Jump

This one time I allowed myself to be talked into jumping off a cliff.

 I was with family visiting their cabin on a lake and we took a boat to these cliffs people climbed before jumping into the water.

 Upon reflection, it may be that they all jumped to their death but I can’t be sure.  It just maybe felt like that to me.  Me, a (now former) non-jumper.

 But, death or no, there I was, swimming to the shore, climbing up the cliff, urged on by two cousins (spoiler alert, one of them climbed down after I jumped.  It’s not the first time I’ve gone first and my partners in crime have backed down – I’m looking at you Kevin and Alan and the tattoo shop!).

 So there we were, pushed onward with bravado and a sense that this was the time to prove something. 

 

I walked up to the cliff. 

 

And I jumped.

 

I did not like it one bit.  I did not like falling through the air.  I did not like hitting the water with a smack.  I did not like going under the water, so far that I couldn’t tell which way was up.  I did not like how long I was under water and I did not like water going up my nose.  I did not like sputtering when I finally come up through the surface and I did not like the feeling of regret I had when I finally was able to reflect on the experience.  I’m still not glad I did it.

 I wonder what would have happened, what it would have felt like, what my experience would have been, had I been the one who fully chose to jump.  No outside expectation, just choice.  Leading with excitement, not fear.  Would the water have been as cold, as deep?  Would the falling have felt like preparation, like possibility?  Would I have felt that water up my nose? And was not seeing the sun through the murk a price I willingly paid to see what I could do with my, as Mary Oliver says, “one wild and precious life”?

 As I’ve gotten older and taken more of a look around, I’ve seen that there is deep water, surface clear as glass, inviting, terrifying, everywhere.  A new grade, a new school, a new family, a new friend.  An apology, a relationship, a child, a death.  A new job.

 

Jumps, all.

 

There are so many more, and your jumping has not exactly been like mine.  We’ve jumped because of and into different situations.

 But, maybe what ties us together, what helps us understand one another – if we try and care to – is a feeling.

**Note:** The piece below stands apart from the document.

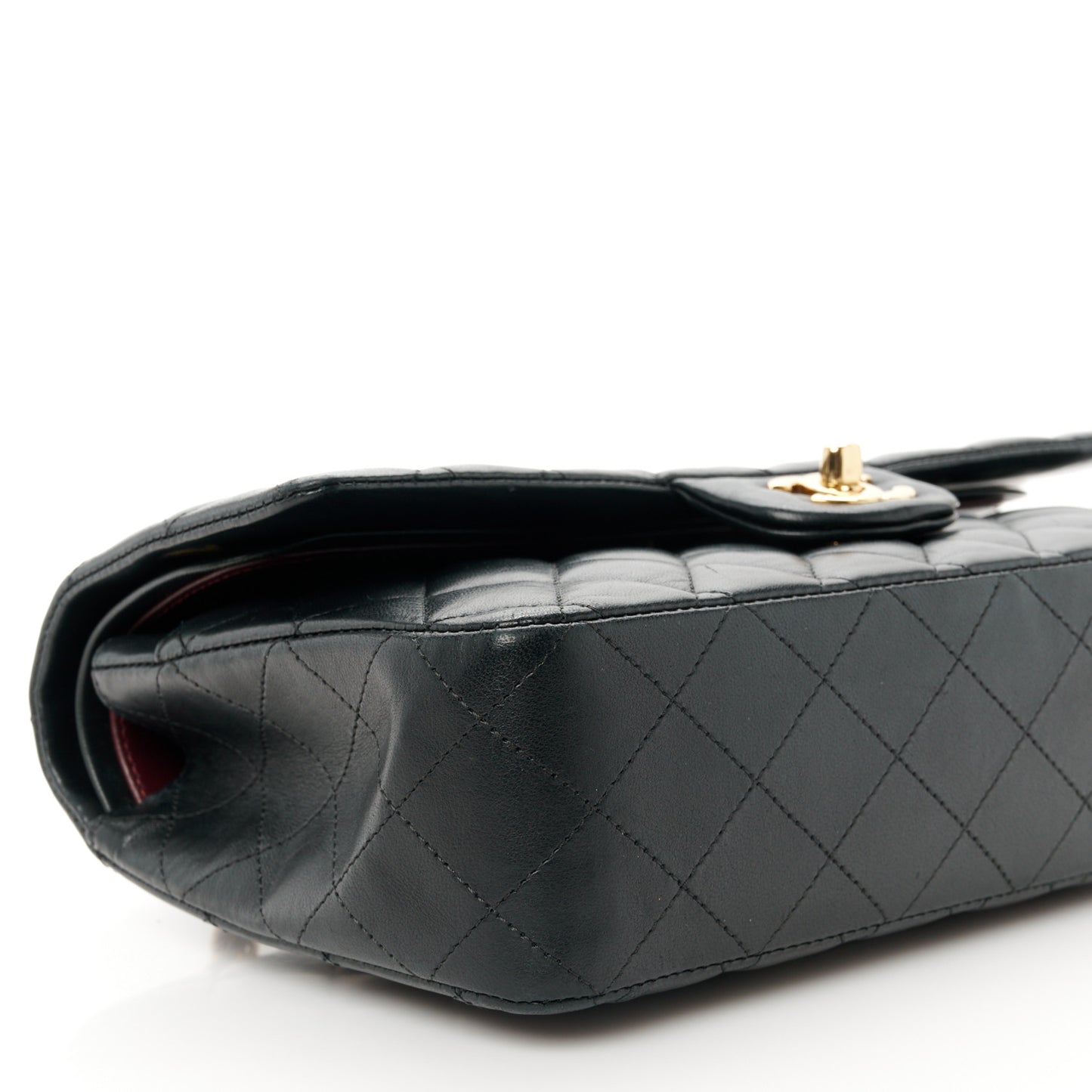Lambskin Quilted Medium Double Flap Black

 Sometimes it is the feeling of fear as the fall lasts forever.  That we will never reach the water and we will never survive the cut through the surface.  Of regret, of wishing we had never climbed that damn cliff. 

 But sometimes, every once in a while, it is that feeling of weightlessness after we take the first and great step, the feeling of excitement as we race to the unknown, the feeling of hope – that we will surface, yes.  But also that we will emerge changed.  The feeling of disorientation that always comes when we jump, that lasts as long as it lasts.  The feeling of being buyout as we somehow pop back up to the surface with somthing to tell.

 Maybe what ties us together, what helps us understand each other, is the shared experience.  The story to be told.  The tears to weep and the laughter to share.  Maybe it is what we have in common in the jumping that can actually save us.

Maybe it is that we jumped at all. 

The world is in such despair.  We are broken and hopeless.  We cannot see how we are going to survive. 

I suppose, when we find ourselves in this place, the only thing to do is choose to jump.

I’ll wait behind you on the cliff and, I promise, I’ll go next.